The Harvard economist has taken a beating since the discovery that much of his research on government debt and growth, which was used to justify austerity measures in the U.S. and Europe, was mistake-based. He and co-author Carmen Reinhart, also of Harvard, have defended themselves repeatedly, and on Thursday Rogoff struck out on his own, with a piece of commentary blasting the Keynesian economists, such as Paul Krugman, who have been dancing on his career's perhaps premature grave.

But Rogoff seems to have let his understandable fury at the intellectual heirs of the British economist John Maynard Keynes, who advocated stimulus over austerity, cloud his judgment: His piece doesn't exactly make sense. Instead it is a big ball of defensiveness and range and inconsistency, with some good ideas mixed in.

"There is no magic Keynesian bullet for the eurozone’s woes," he writes at the top of the column, called "Europe's Lost Keynesians," published at Project Syndicate. "But the spectacularly muddle-headed argument nowadays that too much austerity is killing Europe is not surprising. Commentators are consumed by politics, flailing away at any available target, while the 'anti-austerity' masses apparently believe that there are easy cyclical solutions to tough structural problems."

Meow, tell us how you really feel, Ken Rogoff! But seriously, Rogoff is once again pedaling feverishly away from the austerity movement that he helped inspire, and which he did nothing to discourage until he got caught with Excel spreadsheet errors all over his face. He flags several statements he and Reinhart have made in the past that show they don't think austerity is the only answer to Europe's problems. At the same time, however, he is also not backing down from his core idea, that too much government debt is a bad thing that slows growth and must be eradicated posthaste.

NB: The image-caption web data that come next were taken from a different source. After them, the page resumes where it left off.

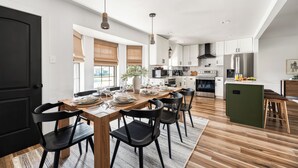 Eine moderne Küche mit Essbereich, ausgestattet mit einem Holztisch, schwarzen Stühlen und Pendelleuchten.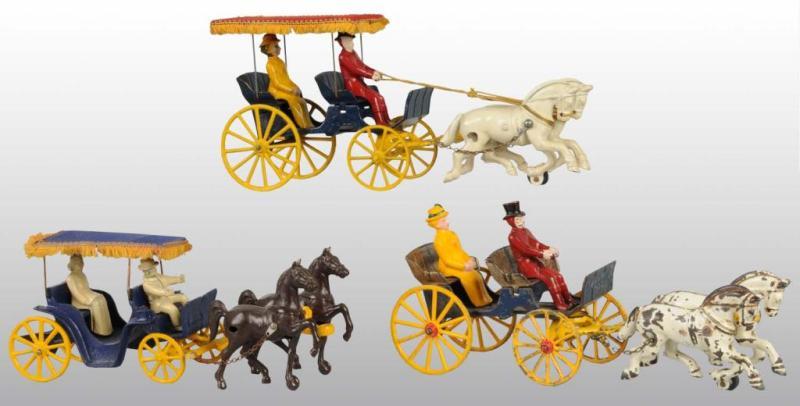 Appraisal: Lot of Horse-Drawn Surrey Toys Description Includes two Kenton cast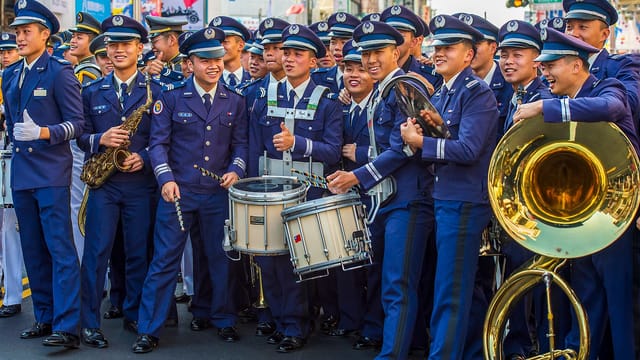 A lively military band in uniform performing outdoors in Taiwan street parade.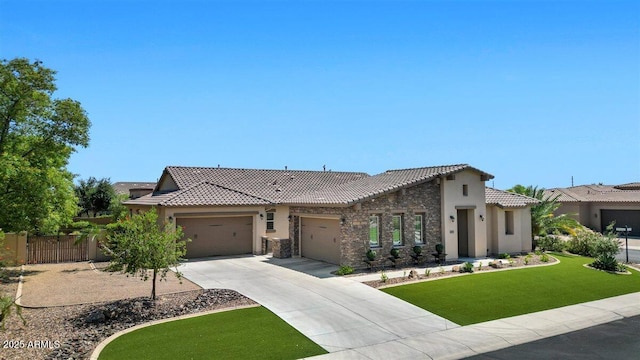 6917 E Ingram Cir, Mesa, AZ 85207 - view of front of property featuring a tile roof, concrete driveway, a garage, stucco siding, and stone siding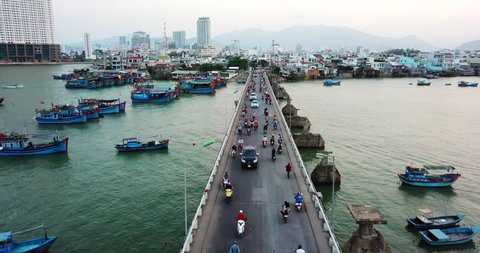 AERIAL 4K: Motorcycle and car traffic in Nha Trang Bridge, Vietnam. Boats near the bridge. CIty buildings in the background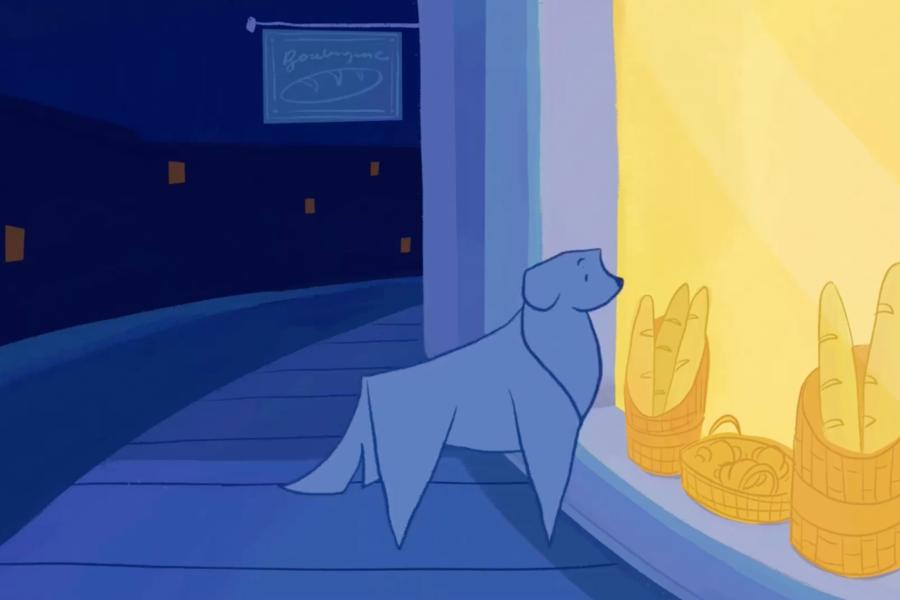A still from an animated short shows a stylized blue dog standing on a sidewalk at night, looking into a brightly lit bakery window. Inside the window, baskets of golden baguettes glow in warm yellow light, contrasting with the cool blue tones of the street and buildings outside.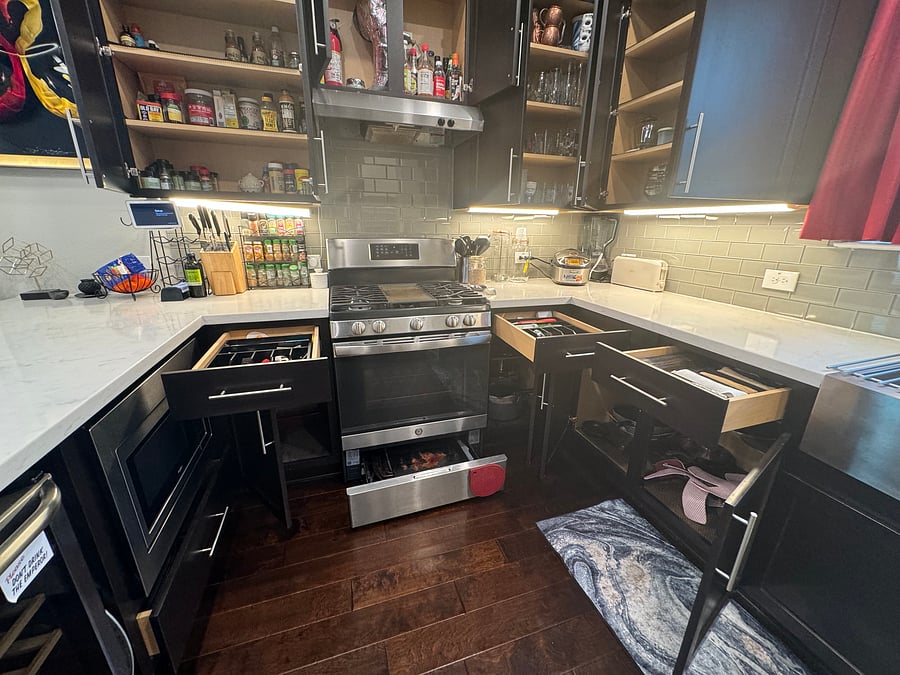 Fully stocked kitchen with spices, kitchenware, drinkware, bakingware, pots & pans, etc., whatever one might need to prepare a fast or slow meal at home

He seriously undermines himself right away with the dubious claim that austerity is not hurting Europe. Not even former austerity fanatics such as Olli Rehn -- who once approvingly quoted Rogoff in pushing austerity -- believe this any more. As the Financial Times' Martin Wolf argues convincingly, with many brightly colored charts, austerity brought the eurozone's recovery from the financial crisis of 2008 to a screeching halt.

Confronted with evidence of the damage austerity has done throughout Europe, including devastating harm to people's health, Rehn and other austerians have recently loosened some of the fetters they had placed on Greece and other countries in exchange for bailout money.

Undaunted, Rogoff also argues that, rather than stimulating the economy with some kind of "magic Keynesian bullet," a better idea is to write off a bunch of the bad debt of struggling eurozone countries -- which is actually a great idea, at least in theory. But it is also an idea that economist John Maynard Keynes, who popularized the concept that governments should spend money to stimulate their economies in the short term, could get behind.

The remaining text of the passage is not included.